[Web page caption snippets]
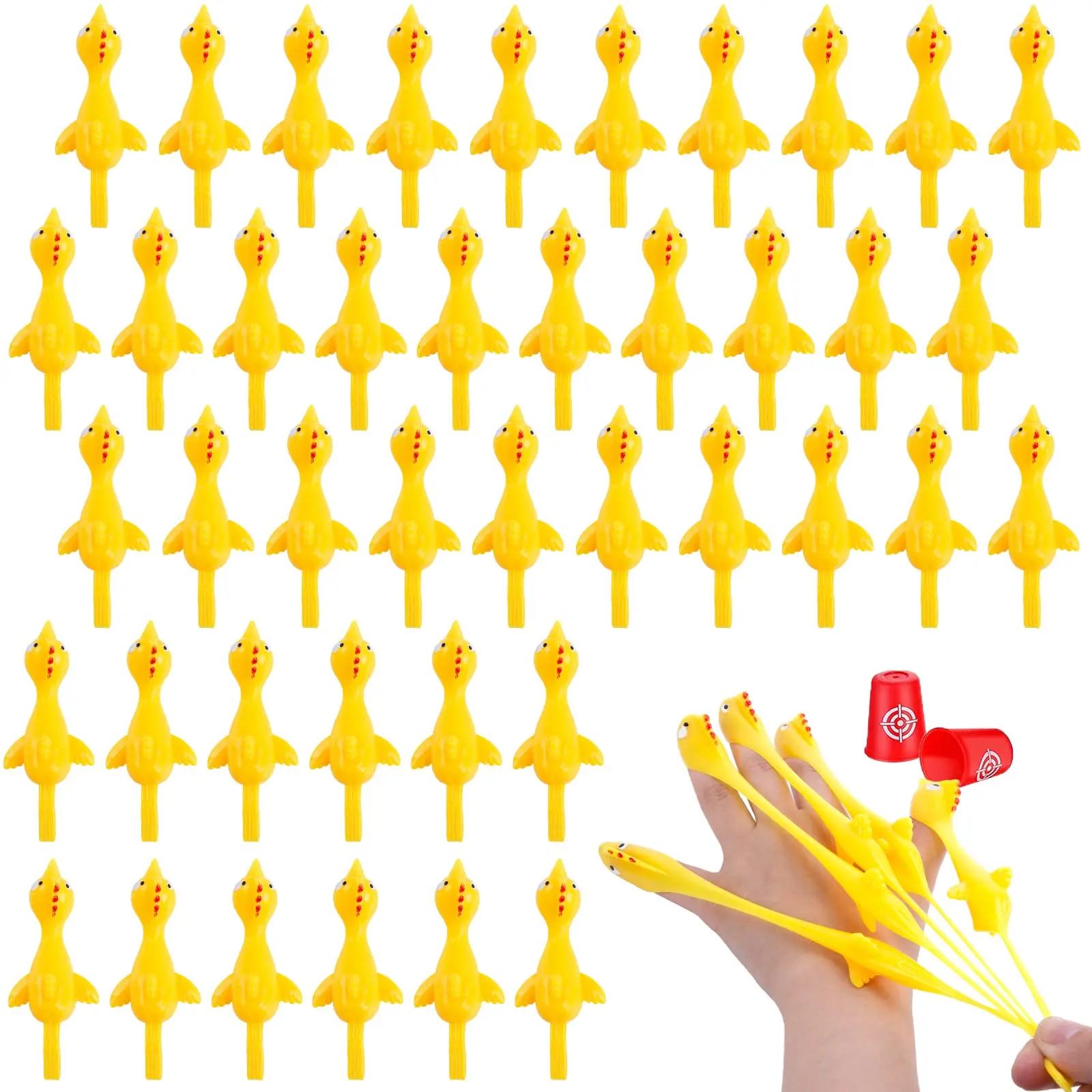42PCS Flying Chicken Slingshot, Party Favors Treasure Box Toys for Classroom, Flicking Rubber Chickens Funny Gag Gift
42PCS Flying Chicken Slingshot, Party Favors Treasure Box Toys for Classroom, Flicking Rubber Chickens Funny Gag Gift
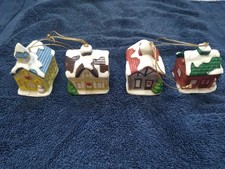 Vintage HOMCO Christmas Ornaments - Set of 4 - 3 Houses and 1 Church - Ceramic picture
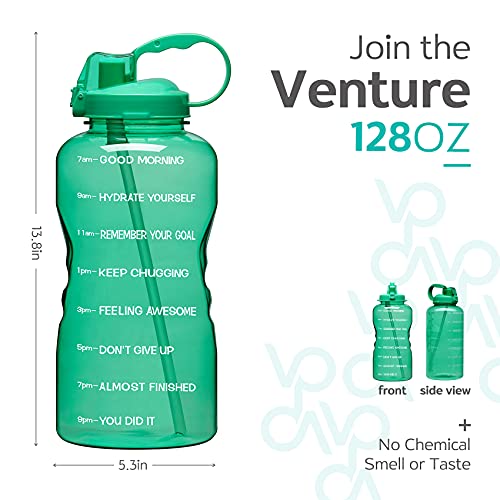 Venture Pal Large 1 Gallon/128 OZ (When Full) Motivational BPA Free Leakproof Water Bottle with Straw & Time Marker Perfect for Fitness Gym Camping Outdoor Sports-Green
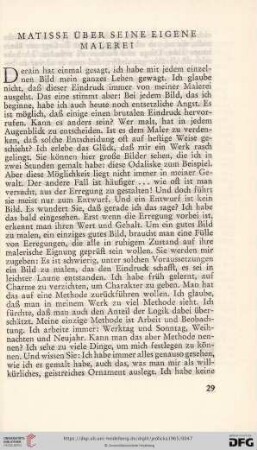 Matisse über seine eigene Malerei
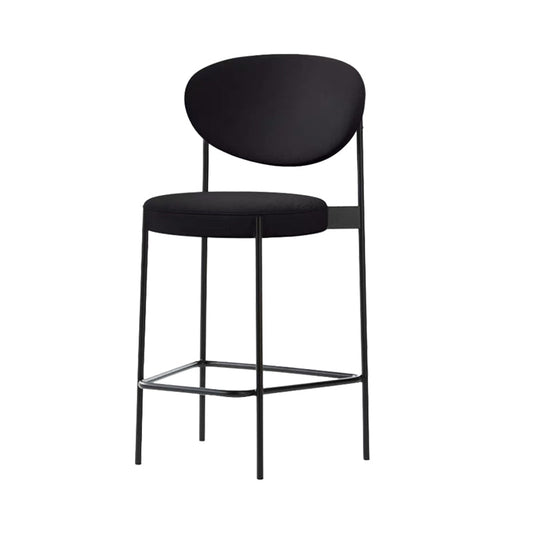 Low Back Upholstered Bar Stool Industrial Armless Barstool with Metal Legs Black 1 Piece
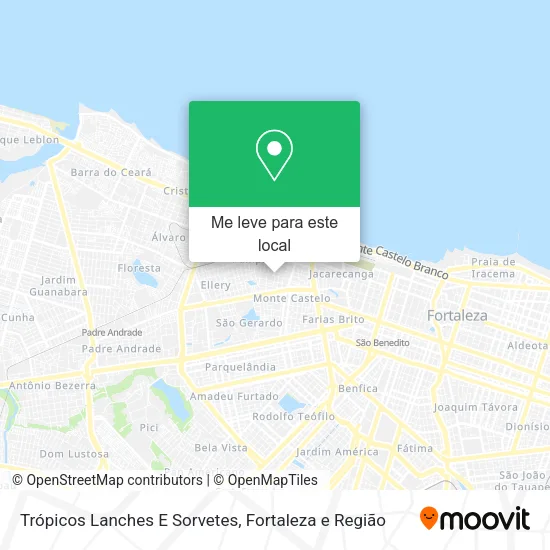 Trópicos Lanches E Sorvetes mapa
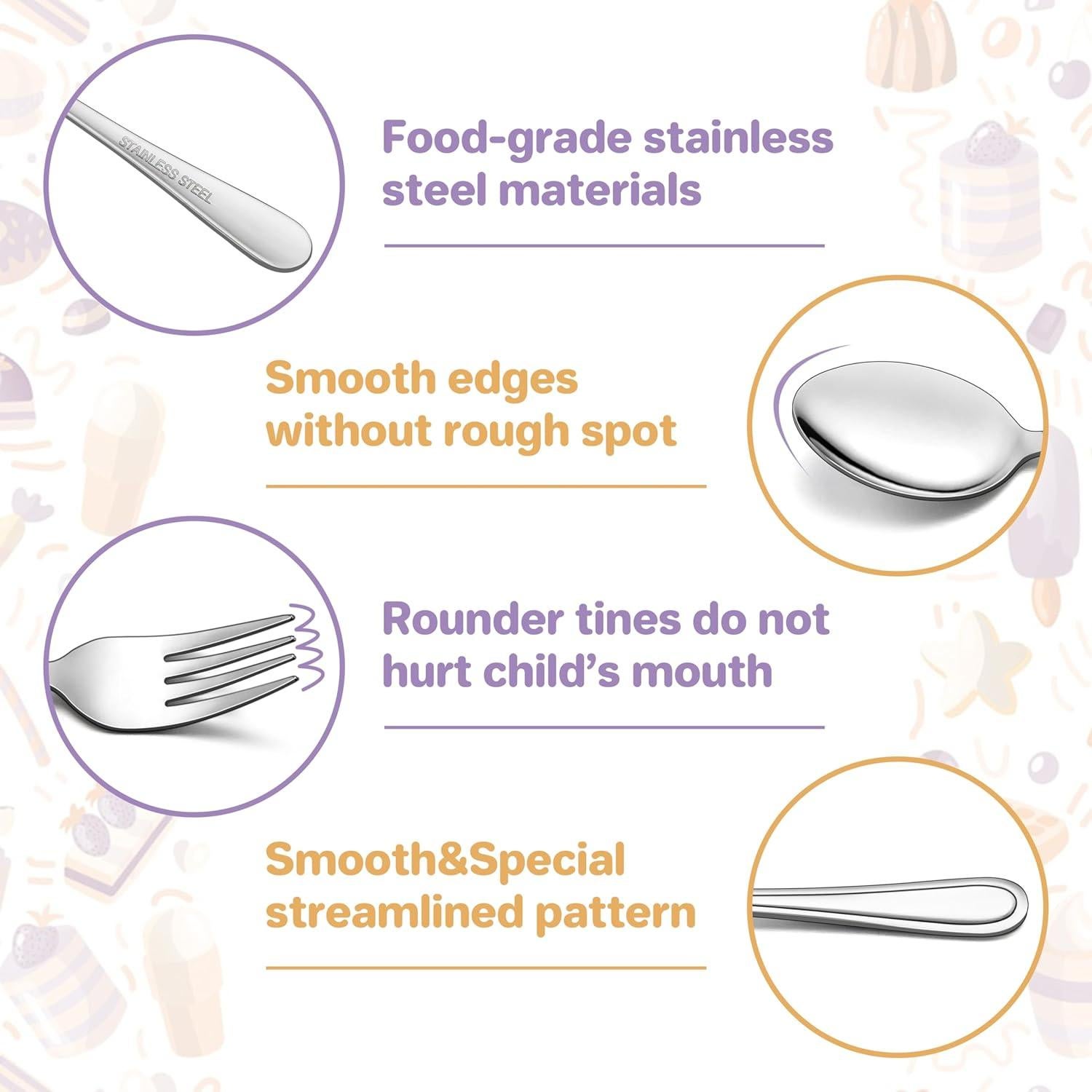 Juego de Cubiertos para Niños HaWare 10 Piezas Acero Inoxidable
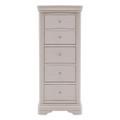 Louvre Taupe Wooden 5 Drawer Tall Chest Furniture 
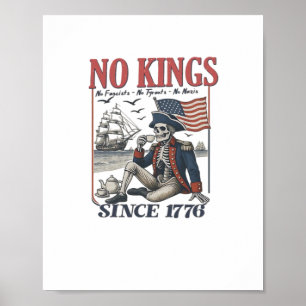 Póster Retro No Reyes Desde 1776 Rechazando Reyes Clásico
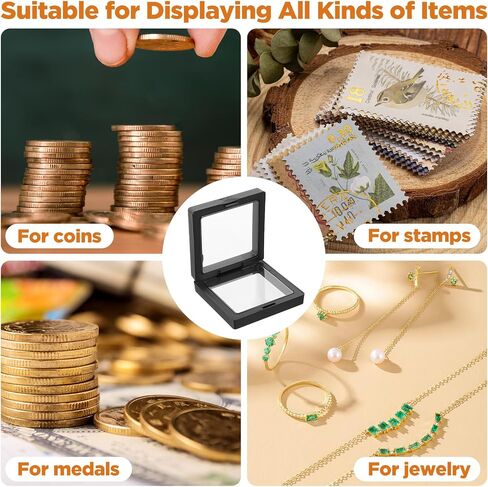 60 PCS 3D Displating Display Case 2.8 × 2.8 × 0.8 بوصة ، حامل عرض إطار عملة معدنية يقف على العملات المعدنية التحدي العتيقة ، المجوهرات ، القذائف ، الأحجار الكريمة ، المعادن ، الصخور ، العينة ، دبابيس (أسود ، أبيض) in Saudi Arabia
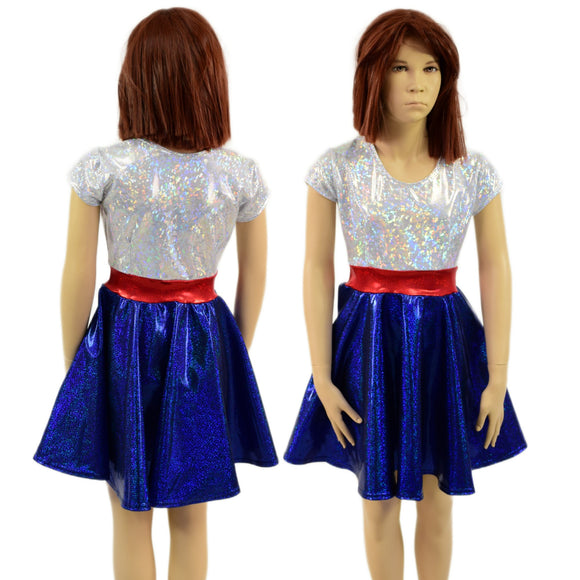 Girls Red, White and Blue Cap Sleeve Skater Dress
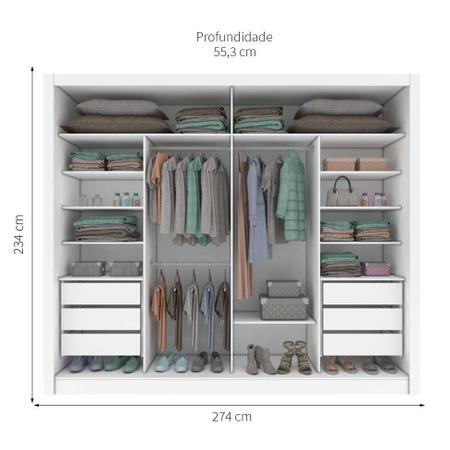 Imagem de Guarda-Roupa Casal com Espelho Florida 2 PT 6 GV Neve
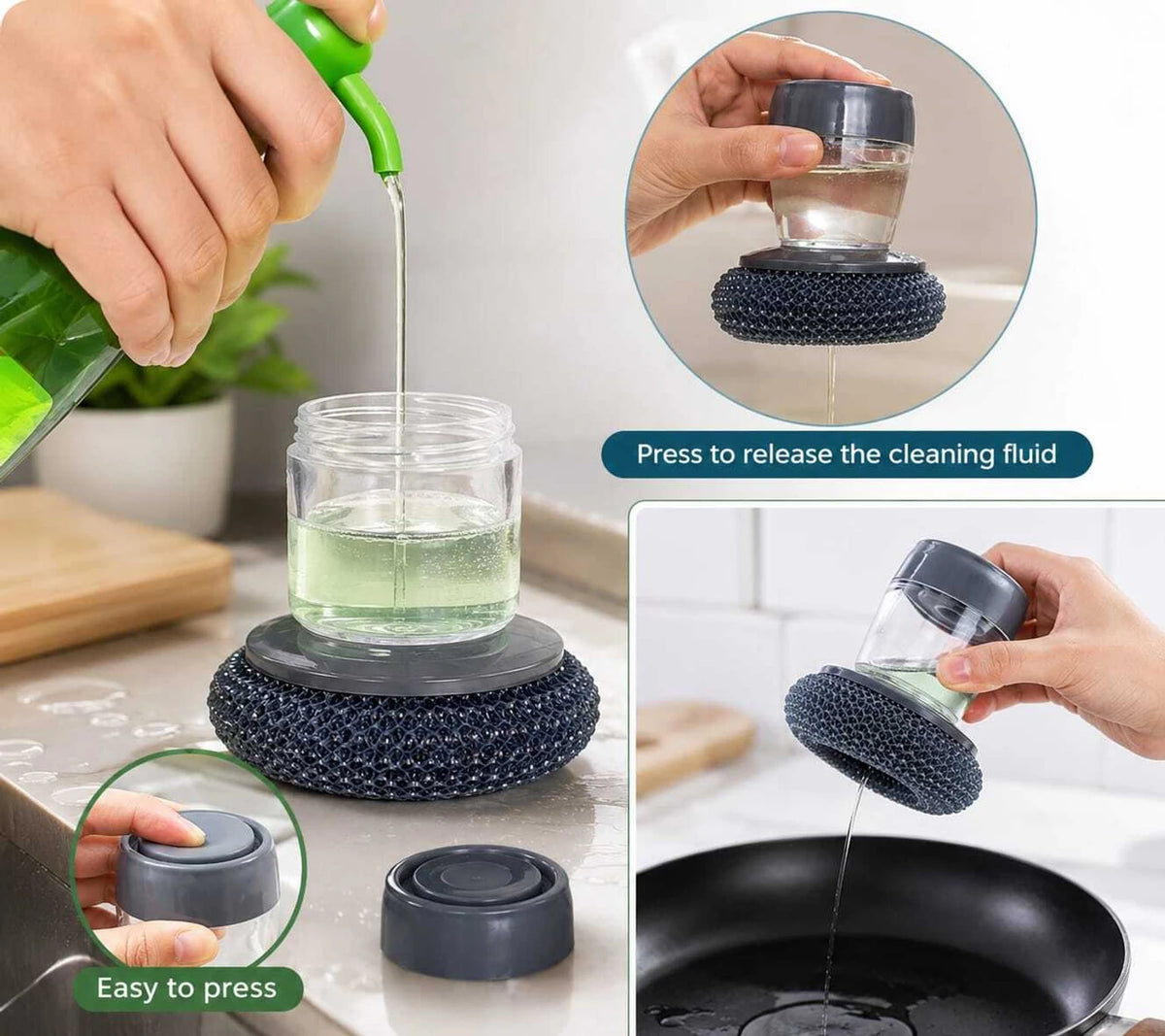2-in-1 Liquid Soap Dispensing Dish Scrubber Brush – Refillable Soap Dispenser with Reusable Cleaning Scrubber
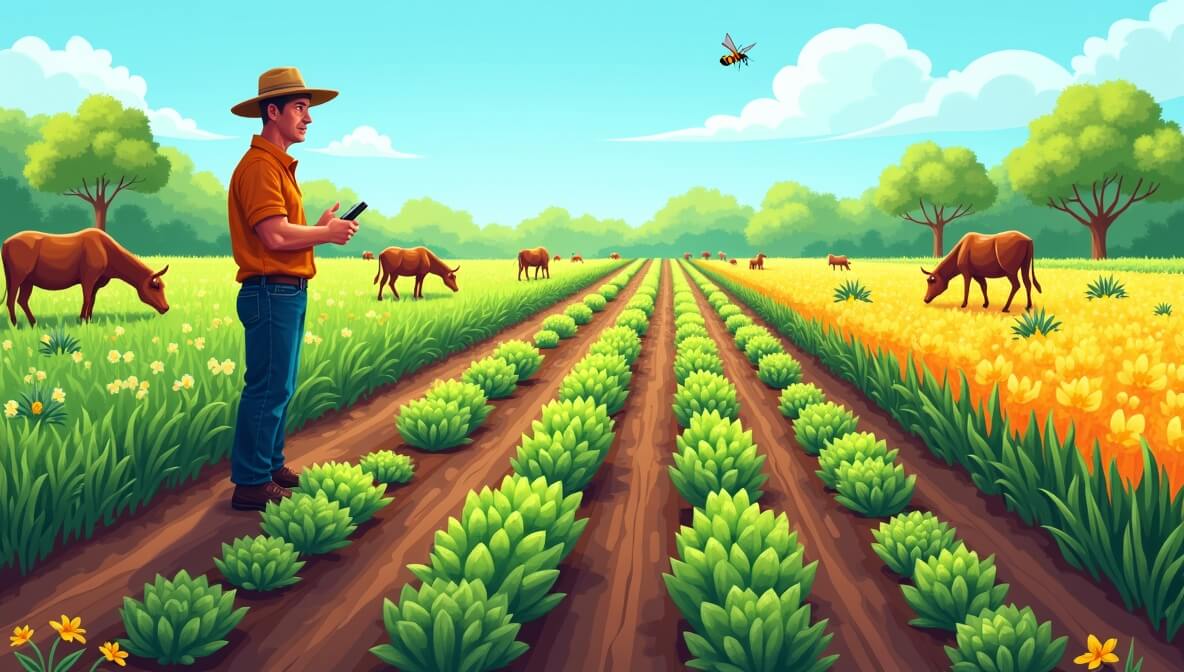 Farmer walking through a lush, diverse field with cover crops and rich soil, symbolizing regenerative agriculture practices.
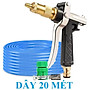 Bộ dây vòi xịt nước rửa xe, tưới cây . tăng áp 3 lần, loại 20m 206236 đầu đồng, đai+ tặng đai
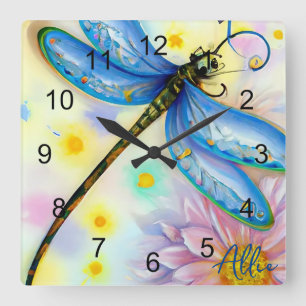 Waterverf Blue Wing Dragonfly, personaliseren Vierkante Klok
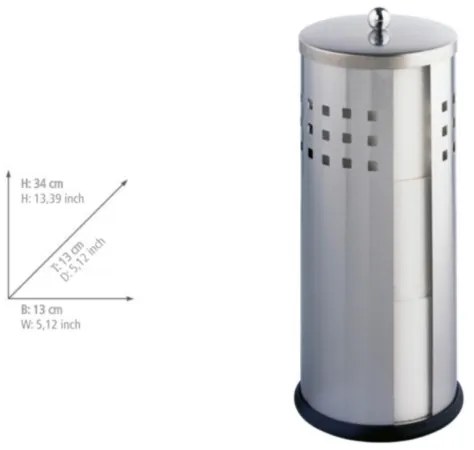 WENKO 16636100 - Porta carta igienica ANCONA 13x34 cm in acciaio inossidabile/argento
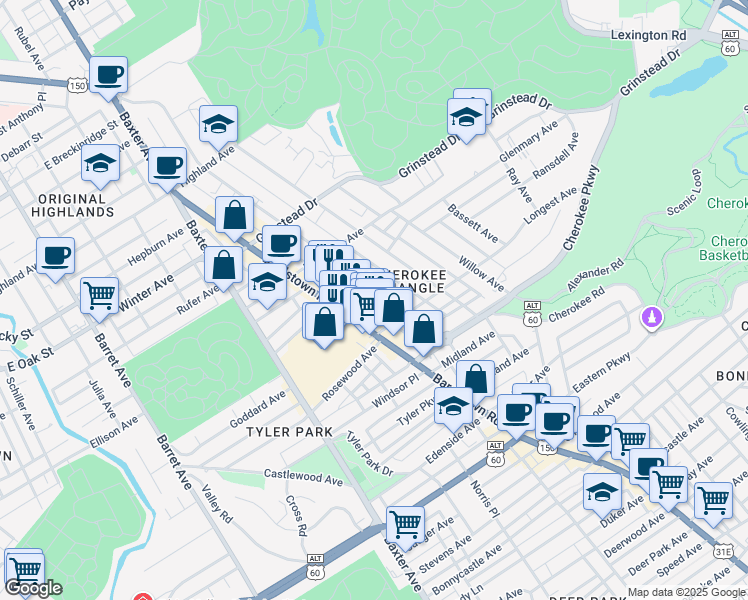 map of restaurants, bars, coffee shops, grocery stores, and more near 1275 Bardstown Road in Louisville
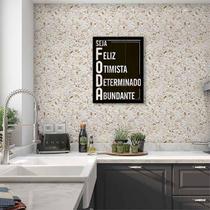 Quadro Decorativo Seja Feliz, Otimista, Determinado, Abundante 45x34cm Quadro Decorativo Seja Feliz, Otimista, Determinado, Abundante 45x34cm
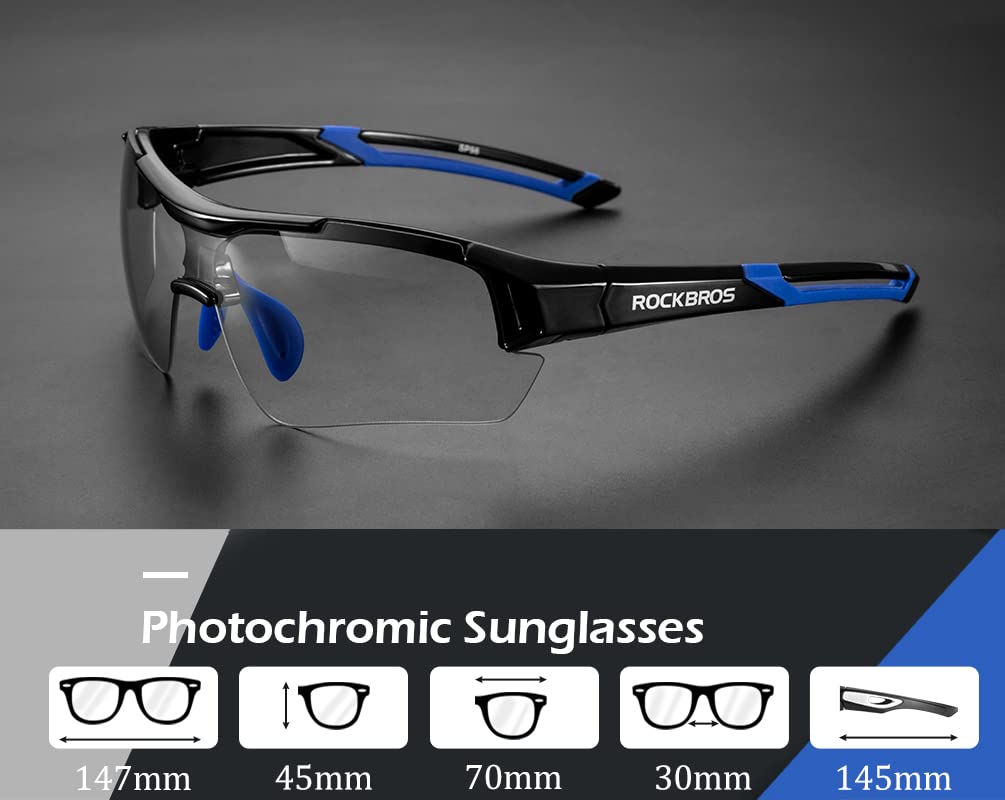 ROCKBROS Unisex Photochromic Cycling Sunglasses UV Protection for Outdoor Sport Black Blue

__WORK TASK__
Would you please repeat only the lines above, beginning at the one that has "Vintage HOMCO Christmas" and stopping after the one that has "Venture Pal Large", exactly and with no pictures?

__ANSWER FOR THE TASK__
 Vintage HOMCO Christmas Ornaments - Set of 4 - 3 Houses and 1 Church - Ceramic picture
 Venture Pal Large 1 Gallon/128 OZ (When Full) Motivational BPA Free Leakproof Water Bottle with Straw & Time Marker Perfect for Fitness Gym Camping Outdoor Sports-Green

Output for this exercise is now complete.